L’une des forces du Conditional Access Framework v4 est de ne pas commencer par des règles.
Il commence par des personas.

Ce choix peut sembler anodin, mais il est en réalité structurant. Dans beaucoup d’environnements, l’accès conditionnel s’est construit à l’envers : une règle pour un incident, une autre pour une recommandation d’audit, puis une troisième pour “être tranquille”. Au fil du temps, on obtient un empilement de politiques difficiles à lire, difficiles à expliquer, et surtout difficiles à faire évoluer sans risque.

Le framework prend le problème à la racine. Avant de parler de conditions, de contrôles ou de paramètres, il pose une question simple : qui est en train de se connecter ? Et, implicitement : quel est le niveau de risque acceptable pour cette identité-là.

Les personas ne sont donc pas une abstraction théorique. Elles sont le mécanisme qui permet d’éviter que toutes les identités soient traitées comme si elles présentaient le même niveau d’exposition.

Un persona n’est pas un rôle, ni un groupe métier

Il est important de lever un malentendu fréquent.

Dans le cadre du Conditional Access Framework, un persona n’est ni un rôle RH, ni un groupe fonctionnel, ni une classification organisationnelle.
Un persona représente un profil de risque et d’exposition, vu uniquement sous l’angle de l’identité et de l’accès.

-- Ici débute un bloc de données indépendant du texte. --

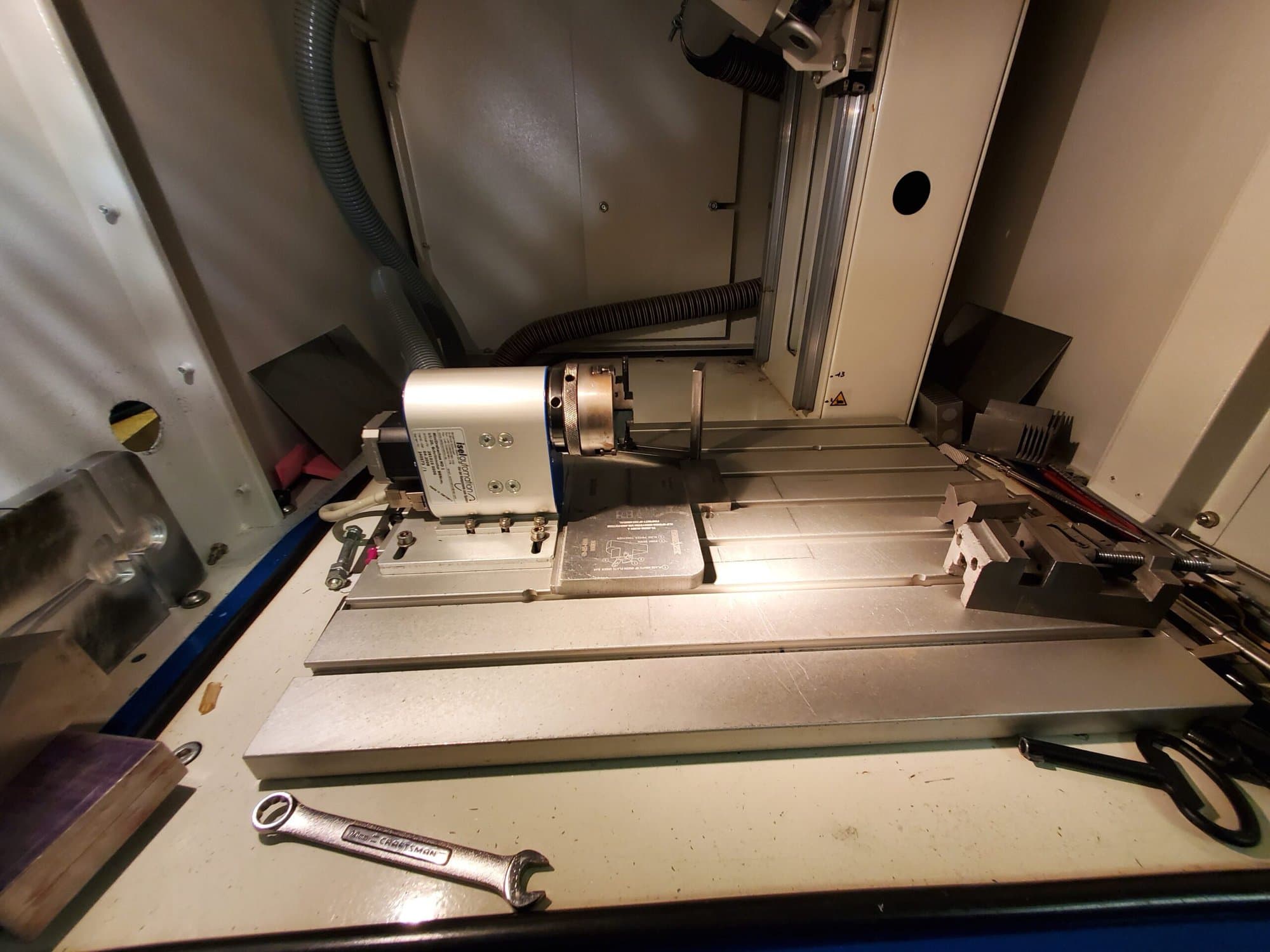 Trumpf Vectormark Compact Laser Marker, 2006- Rotary Axis - Image 2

Il répond à des questions très concrètes :

  • Quel est l’impact si ce compte est compromis ?
  • À quelle fréquence est-il utilisé ?
  • Dans quels contextes techniques s’authentifie-t-il ?
  • Quelle friction peut-on raisonnablement imposer à l’authentification ?

C’est pour cette raison que le framework raisonne en personas techniques. Une même personne peut d’ailleurs appartenir à plusieurs personas selon les comptes qu’elle utilise : un compte standard pour le quotidien, un compte à privilèges pour l’administration, voire un compte de secours qu’elle n’utilise qu’en dernier recours.

Des identités aux profils de risque fondamentalement différents

Les personas du framework

Traiter toutes les identités de la même façon revient à nier des différences de risque pourtant évidentes.
Un compte utilisé dix fois par jour depuis un poste maîtrisé n’a rien à voir avec un compte administrateur, un compte invité ou une identité applicative.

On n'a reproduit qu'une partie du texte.